Go through the listing below from its first line and repeat each line exactly, ending at the line containing "Kaşmir High-Waist Yumuşak" and including it.

━━ DATA FOR THIS EXERCISE ━━

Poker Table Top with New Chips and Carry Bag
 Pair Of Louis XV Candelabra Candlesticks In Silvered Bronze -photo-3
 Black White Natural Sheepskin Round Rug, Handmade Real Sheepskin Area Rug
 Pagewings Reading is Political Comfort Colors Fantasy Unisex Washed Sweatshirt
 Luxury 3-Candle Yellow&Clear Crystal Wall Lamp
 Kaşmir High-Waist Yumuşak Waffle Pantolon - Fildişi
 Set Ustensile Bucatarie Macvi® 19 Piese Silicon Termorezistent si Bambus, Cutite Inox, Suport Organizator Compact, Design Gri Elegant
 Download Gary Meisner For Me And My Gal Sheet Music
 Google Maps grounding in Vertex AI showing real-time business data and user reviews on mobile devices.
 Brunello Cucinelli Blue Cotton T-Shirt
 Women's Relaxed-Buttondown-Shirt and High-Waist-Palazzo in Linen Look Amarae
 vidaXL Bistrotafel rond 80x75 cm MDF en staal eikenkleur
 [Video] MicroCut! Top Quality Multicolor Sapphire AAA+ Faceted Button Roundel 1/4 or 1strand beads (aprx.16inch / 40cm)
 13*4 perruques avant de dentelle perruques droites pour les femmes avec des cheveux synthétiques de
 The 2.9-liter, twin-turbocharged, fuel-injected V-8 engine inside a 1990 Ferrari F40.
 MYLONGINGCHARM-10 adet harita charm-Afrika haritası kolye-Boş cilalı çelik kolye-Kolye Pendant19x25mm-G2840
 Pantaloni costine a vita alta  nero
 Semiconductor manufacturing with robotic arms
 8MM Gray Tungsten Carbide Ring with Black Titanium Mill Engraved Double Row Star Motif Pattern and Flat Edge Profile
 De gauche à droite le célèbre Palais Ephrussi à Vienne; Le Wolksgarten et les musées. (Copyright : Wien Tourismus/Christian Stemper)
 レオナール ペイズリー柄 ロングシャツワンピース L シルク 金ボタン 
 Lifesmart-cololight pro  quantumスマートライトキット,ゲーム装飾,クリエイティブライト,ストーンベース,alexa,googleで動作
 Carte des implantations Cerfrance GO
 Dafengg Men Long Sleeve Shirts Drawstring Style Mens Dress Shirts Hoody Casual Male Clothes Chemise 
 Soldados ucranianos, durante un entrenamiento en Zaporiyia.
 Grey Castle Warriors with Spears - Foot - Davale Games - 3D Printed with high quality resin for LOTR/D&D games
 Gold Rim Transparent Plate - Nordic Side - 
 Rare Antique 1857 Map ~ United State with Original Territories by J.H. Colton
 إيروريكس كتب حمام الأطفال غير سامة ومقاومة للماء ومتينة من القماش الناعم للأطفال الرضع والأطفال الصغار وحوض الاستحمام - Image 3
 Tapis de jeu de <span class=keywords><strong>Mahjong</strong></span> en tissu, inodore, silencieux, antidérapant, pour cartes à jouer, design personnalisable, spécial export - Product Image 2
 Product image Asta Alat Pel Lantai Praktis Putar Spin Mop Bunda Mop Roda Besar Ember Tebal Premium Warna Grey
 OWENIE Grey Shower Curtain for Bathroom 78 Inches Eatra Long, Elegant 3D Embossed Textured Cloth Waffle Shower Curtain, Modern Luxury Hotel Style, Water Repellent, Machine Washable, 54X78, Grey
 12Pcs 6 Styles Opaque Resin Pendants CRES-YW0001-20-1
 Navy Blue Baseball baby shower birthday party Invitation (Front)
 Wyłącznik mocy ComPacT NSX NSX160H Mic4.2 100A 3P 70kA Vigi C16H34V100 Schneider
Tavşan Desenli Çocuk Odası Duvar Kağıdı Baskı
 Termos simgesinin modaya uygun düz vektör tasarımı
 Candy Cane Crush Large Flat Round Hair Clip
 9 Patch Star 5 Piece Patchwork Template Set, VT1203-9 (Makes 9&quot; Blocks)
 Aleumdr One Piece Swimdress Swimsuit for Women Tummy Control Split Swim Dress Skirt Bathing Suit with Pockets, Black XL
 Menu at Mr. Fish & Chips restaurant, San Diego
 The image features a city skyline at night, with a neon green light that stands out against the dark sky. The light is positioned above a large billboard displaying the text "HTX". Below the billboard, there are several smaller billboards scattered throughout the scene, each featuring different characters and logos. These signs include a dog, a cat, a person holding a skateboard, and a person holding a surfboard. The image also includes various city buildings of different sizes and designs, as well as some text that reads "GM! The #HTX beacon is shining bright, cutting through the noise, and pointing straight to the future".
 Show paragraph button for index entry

━━━

#### EXPECTED ANSWER
Poker Table Top with New Chips and Carry Bag
 Pair Of Louis XV Candelabra Candlesticks In Silvered Bronze -photo-3
 Black White Natural Sheepskin Round Rug, Handmade Real Sheepskin Area Rug
 Pagewings Reading is Political Comfort Colors Fantasy Unisex Washed Sweatshirt
 Luxury 3-Candle Yellow&Clear Crystal Wall Lamp
 Kaşmir High-Waist Yumuşak Waffle Pantolon - Fildişi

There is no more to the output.